We’ve attached a few Frequently Asked Questions that will guide you towards making your first steps with options trading.
-What is a stock option?
A stock option is a contract that gives the owner the right, but not the obligation, to buy or sell a particular stock at a fixed price (the strike price) for a specific period (until expiration). The contract also obligates the seller or writer to meet the terms of delivery if the owner exercises the contract right.
-Do all listed stocks have listed options?
Answer: No, not all stocks have options. There are standards set by the options exchanges that must be met for a stock to have options listed.
-What is liquidity?
In the context of securities trading, liquidity is generally the term used to describe the ease of entering and or exiting a securities position at a fair price. A “liquid market” is evidenced by a tight (or small) spread between bid and offer, as well as large size bid and offer.

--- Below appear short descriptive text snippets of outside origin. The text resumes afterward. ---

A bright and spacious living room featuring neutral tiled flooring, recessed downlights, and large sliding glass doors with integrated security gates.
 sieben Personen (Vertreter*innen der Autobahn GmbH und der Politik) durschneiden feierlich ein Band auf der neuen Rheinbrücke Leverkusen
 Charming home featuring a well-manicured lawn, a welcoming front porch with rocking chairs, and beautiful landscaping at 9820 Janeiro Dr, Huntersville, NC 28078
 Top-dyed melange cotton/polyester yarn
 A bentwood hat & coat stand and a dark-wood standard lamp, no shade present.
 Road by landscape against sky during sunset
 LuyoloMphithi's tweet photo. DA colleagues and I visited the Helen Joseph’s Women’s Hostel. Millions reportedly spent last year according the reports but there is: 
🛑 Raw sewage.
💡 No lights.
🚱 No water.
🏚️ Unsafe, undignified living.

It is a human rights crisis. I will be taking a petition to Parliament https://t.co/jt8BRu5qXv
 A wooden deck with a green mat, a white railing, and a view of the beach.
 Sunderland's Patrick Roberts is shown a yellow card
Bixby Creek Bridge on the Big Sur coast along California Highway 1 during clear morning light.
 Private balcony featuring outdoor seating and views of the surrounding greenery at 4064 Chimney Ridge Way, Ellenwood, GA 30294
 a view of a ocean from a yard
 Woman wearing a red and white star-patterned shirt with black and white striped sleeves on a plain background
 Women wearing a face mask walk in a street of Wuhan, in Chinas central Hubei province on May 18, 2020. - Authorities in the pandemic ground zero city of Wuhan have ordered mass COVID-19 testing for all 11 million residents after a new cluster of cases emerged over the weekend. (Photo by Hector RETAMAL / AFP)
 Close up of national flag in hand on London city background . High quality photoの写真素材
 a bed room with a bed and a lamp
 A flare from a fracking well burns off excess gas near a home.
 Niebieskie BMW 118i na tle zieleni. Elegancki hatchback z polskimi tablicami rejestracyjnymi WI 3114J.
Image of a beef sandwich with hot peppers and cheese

-What do “buy to open” and “sell to close” mean?
An opening transaction is one that adds to or creates a new trading position. It can be either a purchase or a sale. With respect to an option transaction, consider both:
- An opening purchase is a transaction in which the purchaser’s intention is to create or increase a long position in a given series of options.
- An opening sale is a transaction in which the seller’s intention is to create or increase a short position in a given series of options.
- A closing purchase is a transaction in which the purchaser’s intention is to reduce or eliminate a short position in a given series of options. This transaction is frequently referred to as “covering” a short position.
- A closing sale is a transaction in which the seller’s intention is to reduce or eliminate a long position in a given series of options.
-What does “going long” or “going short” mean?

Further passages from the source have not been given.